Os personagens são construídos através de dualidades: livres e cativos; pobres e ricos; pessoas de famílias tradicionais e pessoas de famílias sem importância social; homens ilustres e homens ignorantes; mulheres de família e mulheres festeiras; entre outros. Os cativos, ao invés de apáticos e submissos, são retratados como homens escravizados que reagem a seu modo às atrocidades praticadas pelas mãos brancas. E são eles que têm amplo desenvolvimento nas ações do romance. São exemplos disso a cena em que D. Amandra, senhora acostumada a aplicar cruéis castigos, leva uma bofetada de sua ex-escrava; das cozinheiras que abandonaram os patrões antes de lhes servirem o jantar; a cena em que os escravos quebram móveis e louças numa expansão de raiva e ódio. Pela figura cômica de Zé Catraia, escravo que é libertado no dia na abolição, o autor ironiza a possibilidade se ser livre mesmo sendo cativo.
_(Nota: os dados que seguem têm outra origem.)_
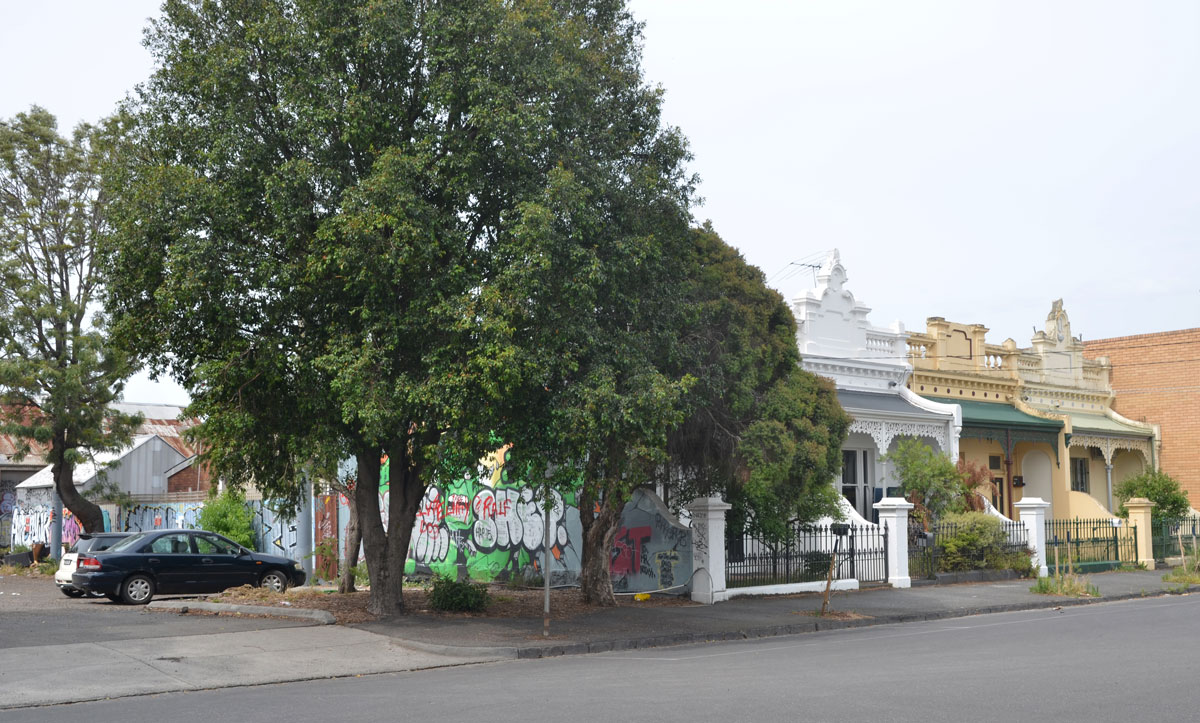 a row of terrace houses in Brunswick Melbourne with a parking lot at the left side. The side of the house closest to the car park has a mural painted on it.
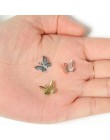 100 sztuk 11mm x 13mm Metal miedź motyl filigranowy okłady złącza urok DIY biżuteria akcesoria ustalenia materiały do biżuterii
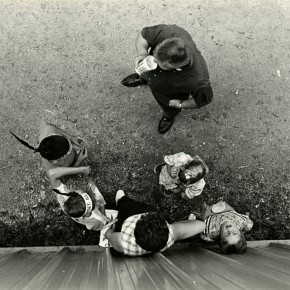 aerial view of man, woman and four children; one child is looking straight up
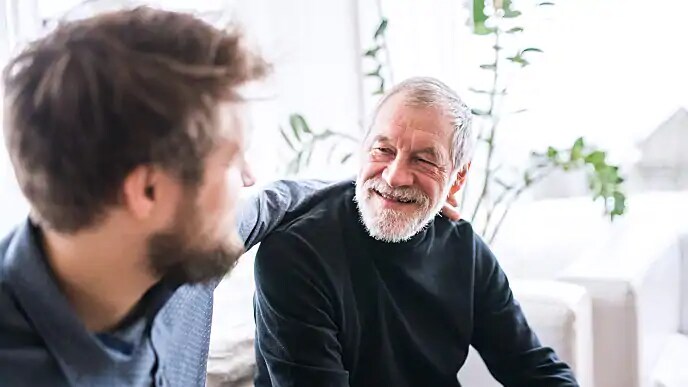 father and son discussing gum health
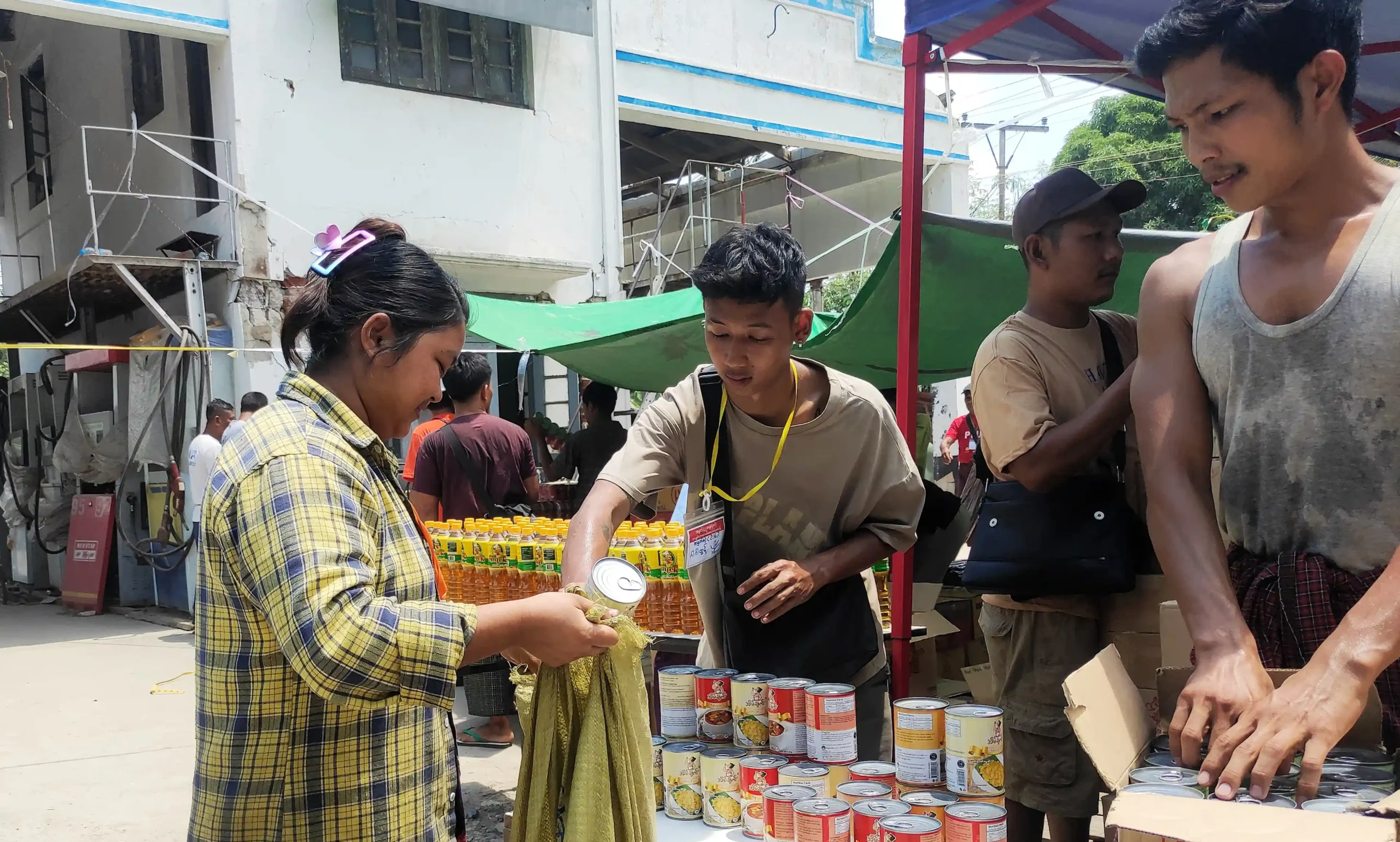Community members in Myanmar distribute canned food and supplies at an outdoor relief station, with people lining up to receive aid.
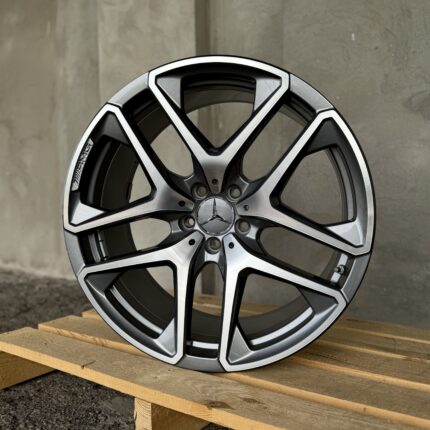 Close-up of a silver and black alloy car wheel with a Mercedes emblem, resting on wooden pallets outdoors.
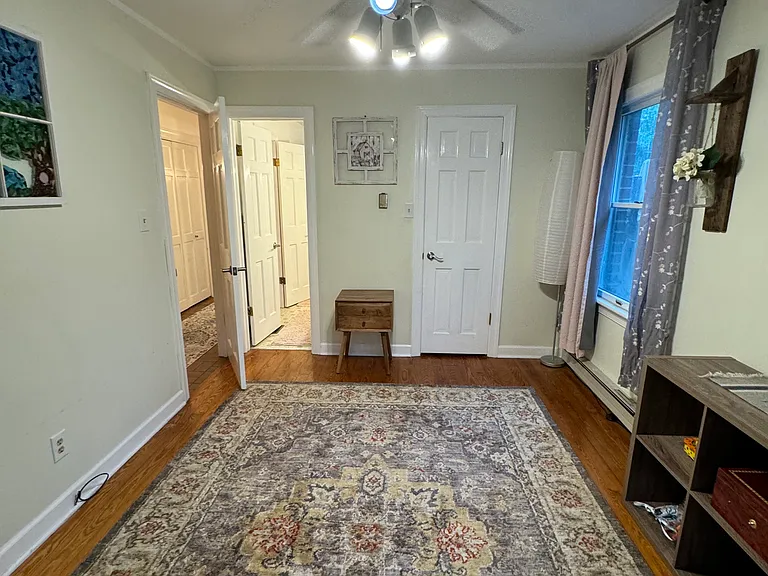 Downstairs Left bedroom with shared bathroom with shower and tub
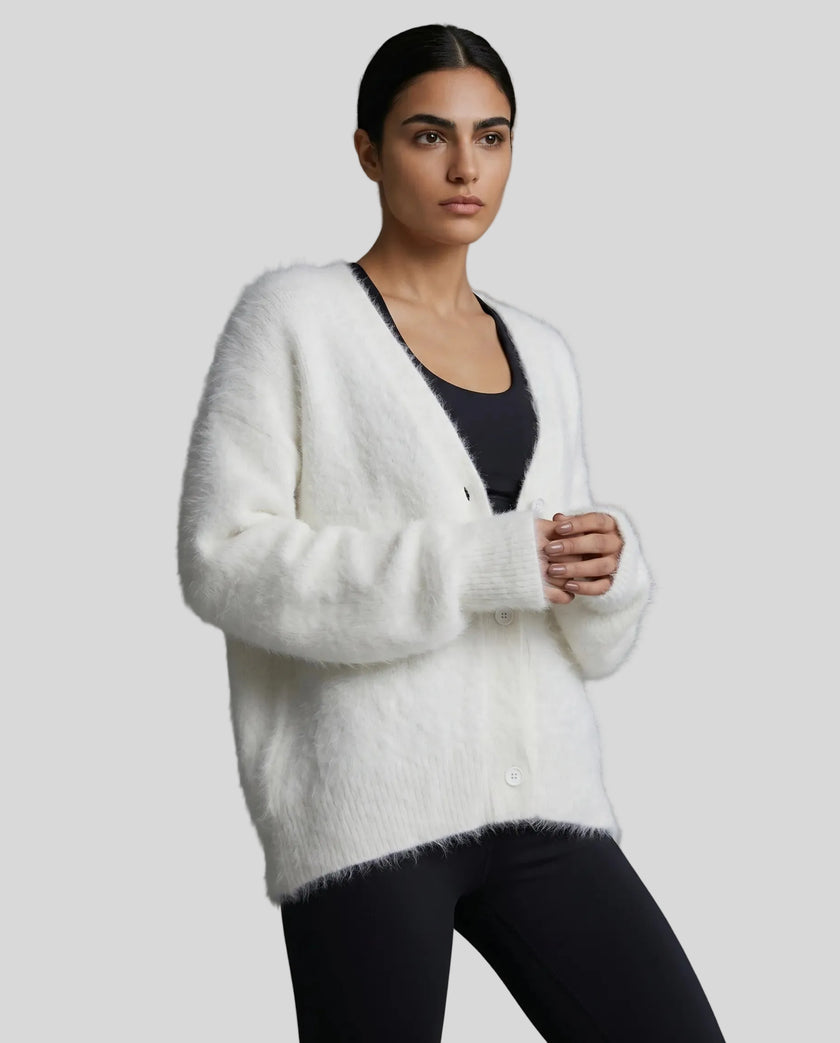 Woman wearing a white fluffy cardigan over a black top on a gray background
Catraia é visto por muitos como um bêbado, sem valor, mas tudo vê, tudo ouve e tudo sabe. Era homem de confiança de seu senhor, que sabia de sua inteligência e temia que os seus segredos de contrabando fossem revelados. É através deste personagem que vamos tecendo a imagem de Paletó Queimado, alcunha de José Machado, quando Zé Catraia conta a Cláudio a forma como o português se transformou em homem poderoso. Ex-quitandeiro, torna-se um capitalista por meios duvidosos e figura como representação da corrupção na sociedade. Inescrupuloso e ganancioso, Paletó Queimado representa o arrivismo tão comum naquele momento histórico e, motivado por segundas intenções, chega a oferecer ajuda a Olivier.
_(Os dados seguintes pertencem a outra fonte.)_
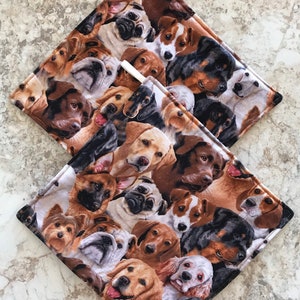 May include: Two brown and white pot holders with a pattern of various dog breeds. The pot holders are made of fabric and have a white loop for hanging.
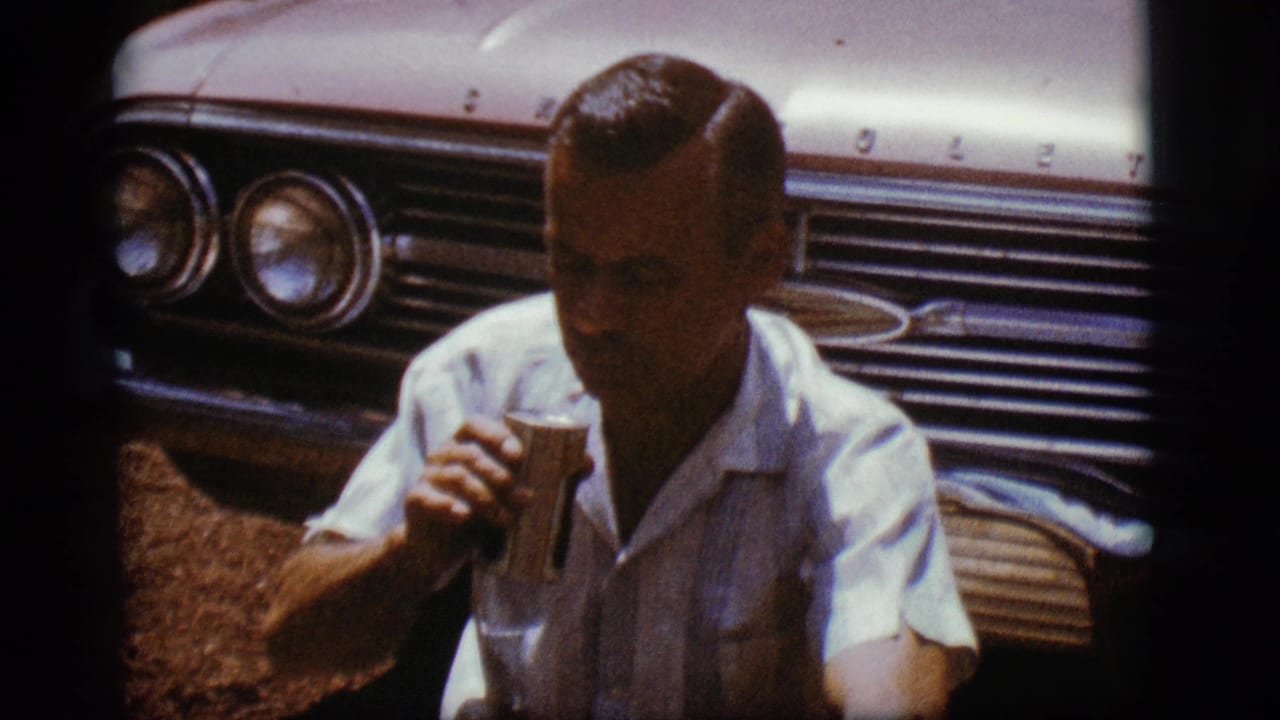 Man holding a can in front of a Chevrolet grille and headlights.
Já Carlos Bento – o “intelectual falido” – é afastado da imprensa devido à sua postura ideológica. Por sua fala percebemos a desvalorização do professorado e das pessoas sábias, o parecer sobre a sociedade e a educação, e sua crítica sobre a decadência da lavoura quando descreve a imagem do feitor e analisa o atraso  econômico do Maranhão. Em um diálogo entre ele e João Olivier, este manifesta a sua desilusão quanto a Proclamação da República:
Eu esperava que, depois do 13 de Maio, por que trabalhei tanto; depois do 15 de Novembro, com que me alegrei bastante; esperava que houvesse uma renovação social. Errônea ou acertadamente eu cuidava que a pública administração com luzes mais fortes e puras, tomasse outro caminho que não esse que hoje nos infelicita. (MORAES, 2000, p. 77).
Poucos anos depois da Proclamação da República, Olivier percebe que os negros não melhoraram de condição e continuaram marginalizados socialmente. Para Carlos Bento seria necessário que os ex-escravos e seus filhos fossem alfabetizados, o que lhes permitiria conhecer os seus direitos políticos e saber que mudanças efetivas demoram anos, talvez séculos. Pela fala dos personagens, o romance traça um painel de como ficaram os negros após a abolição, principalmente para aqueles que acreditaram numa possível ascensão econômica e social. Renovação que aconteceu, mas não da forma nem na velocidade como Olivier julgava.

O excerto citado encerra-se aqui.